それでも、自分の香りなんて考えたことはなかったし、自分を香りに例えようなんて発想すら浮かばなかった。
自分探しにも興味はない。そもそも特別なものも持ち合わせていない。
ただ、好きだから増えていっただけだった。
その世界に一冊しかない図鑑のページが、誰かの手によって破り取られた。
そのときになって、どれだけ尊いものだったのか、初めて気づかされた。
心の奥をジリジリと焦がす火種は次第に大きくなり、異物の燃える醜悪な匂いが混ざり合い、濁りきった煙が体を覆い尽くした。
あの煤けた火事の夜も、酷い匂いだった。
溶かされた不燃物のせいで、幾層にも重なった異臭が粘膜にこびりついてきたのは忘れられない。
そこから拾い上げてくれた男がいた。
その男にバレた、サイプレスを隠したオリジナルバームのせいで、日常が大きく変わってしまったのは事実だ。

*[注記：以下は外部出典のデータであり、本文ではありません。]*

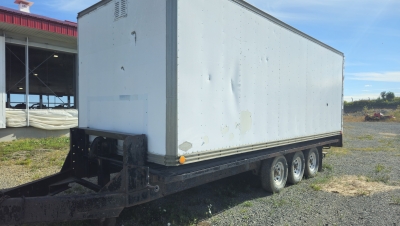 &Eacute;quipement forestier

はらり、はらりと、花びらが散るように、隠していた自分がめくられていった。
頑なに潜ませてきたせいか、自分で感じることも、見ることもできなくなっていた柔らかい部分が、形を成すようになった。
とはいえ、長年にわたって忍ばせた嗜好を表に出すのは、やっぱりまだまだ抵抗がある。
ましてや、《――――》なんて、恥ずかしすぎて目も当てられない。
だから何度でも言ってやる。
どうしてこうなった!
◇
夜。二十一時を過ぎても、Garden Therapy -SHINOBU-の灯りは消えなかった。
ドライフラワーに囲まれた隠れ家ソファで、三者三様に硬い顔を突き合わせている。
淹れたまますっかり冷めきったコーヒーは一口も減っていない。
誰かのちょっとした発言で、限界まで膨らんだ風船が一気に破裂してしまいそうなほど、場は張りつめていた。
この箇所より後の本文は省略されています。